A Malásia não tem homossexuais, segundo o ministro do turismo do país

O número de turistas que a Malásia espera receber pode ter acabado de diminuir, depois das afirmações polémicas do ministro do turismo, Mohammaddin Ketapi. Este afirmou que o país não tem homossexuais e evitou responder se o país é ou não seguro para judeus e homossexuais.

O ministro do turismo da Malásia, Mohamaddin Ketapi negou a existência de homossexuais no país, na ITB Berlin, uma das maiores feiras mundiais dedicadas ao turismo, na passada terça-feira, de acordo com a CNN.

Mohamaddin Ketapi foi questionado durante a feira, sobre como a Malásia recebe a visita de homossexuais. A resposta fez eco: "Não penso que tenhamos nada assim no nosso país". O ministro evitou também responder à pergunta feita pelo jornal Deutsche Welle, sobre se a Malásia é, ou não, um país seguro para homossexuais e judeus.

A atitude do ministro foi condenada mundialmente, por políticos e ativistas da comunidade LGBT. O vice-presidente da oposição da Associação Chinesa da Malásia (MCA), Mah Hang Soon disse que as declarações de Mohamaddin sobre a homossexualidade fizeram da Malásia "uma chacota". Mah defendeu mesmo que o ministro do turismo deveria ter garantido que o país "é seguro e que todos os turistas estão seguros aqui", citando o jornal local The Star.

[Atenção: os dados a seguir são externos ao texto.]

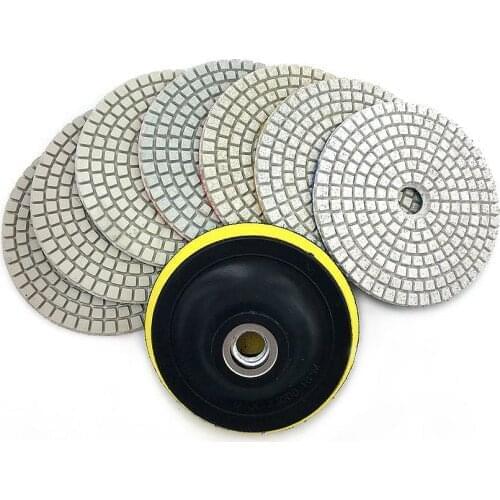Flexible Diamond Polishing Pad 80/100mm Polishing Pad Marble Granite Wet Polishing Pad 7Pcs/Set
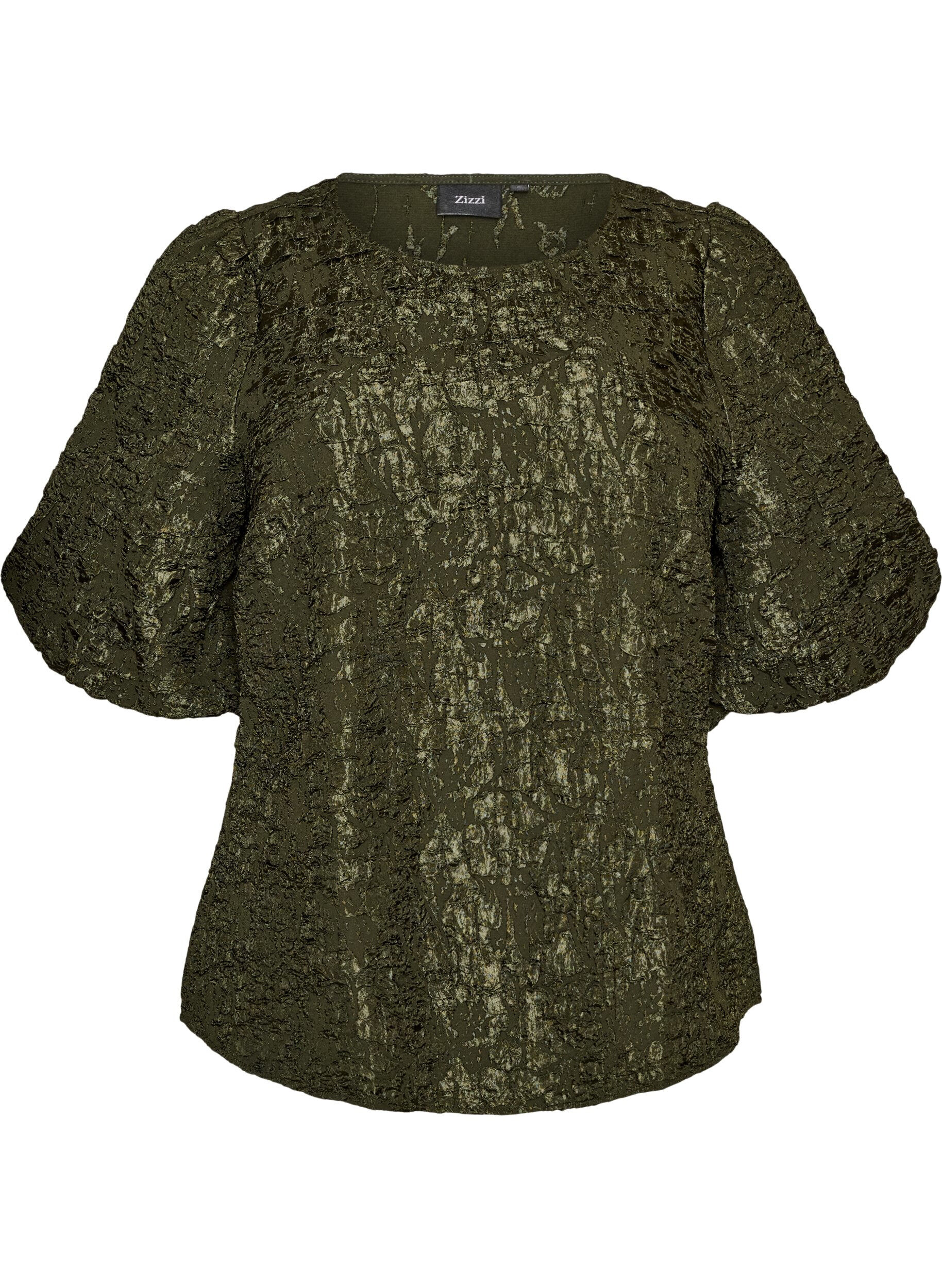 ZizzifashionJacquard blouse with puff sleeves and an A-line shape, Green, Packshot image number 0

Uma ativista dos direitos da comunidade LGBT, Thilaga Sulathireh, disse à CNN que os comentários do ministro foram "extravagantes" e "desconectados da realidade", no entanto, não se mostra surpreendida com as declarações, visto muitos políticos terem uma visão discriminatória sobre a homossexualidade, "intencionalmente ou não".

Homossexualidade ilegal é 'prática ocidental'

Em janeiro, o primeiro-ministro do país, Mahathir Mohamad disse que o seu governo não toleraria a homossexualidade, visto ser uma prática "ocidental" e que não pode ser aceite no país. O país também é acusado de ser antissemita por vários países, devido a várias atitudes cometidas pelo governo - em janeiro deste ano, o país tentou banir atletas israelitas de um encontro nacional de natação.

A homossexualidade é considerada ilegal na Malásia, um país do sudeste asiática cuja maioria da população é muçulmana. De acordo com a Secção 377 do Código Penal da Malásia, a homossexualidade é definida como uma "ofensa não natural" e a pena pode chegar a 20 anos de prisão e tortura, além de uma multa. O político Anwar Ibrahim, visto como sucessor do atual primeiro-ministro Mohamad foi preso duas vezes por acusações de sodomia, e os homossexuais são punidos publicamente com chicotadas no estado de Terengganu, que pratica a Sharia.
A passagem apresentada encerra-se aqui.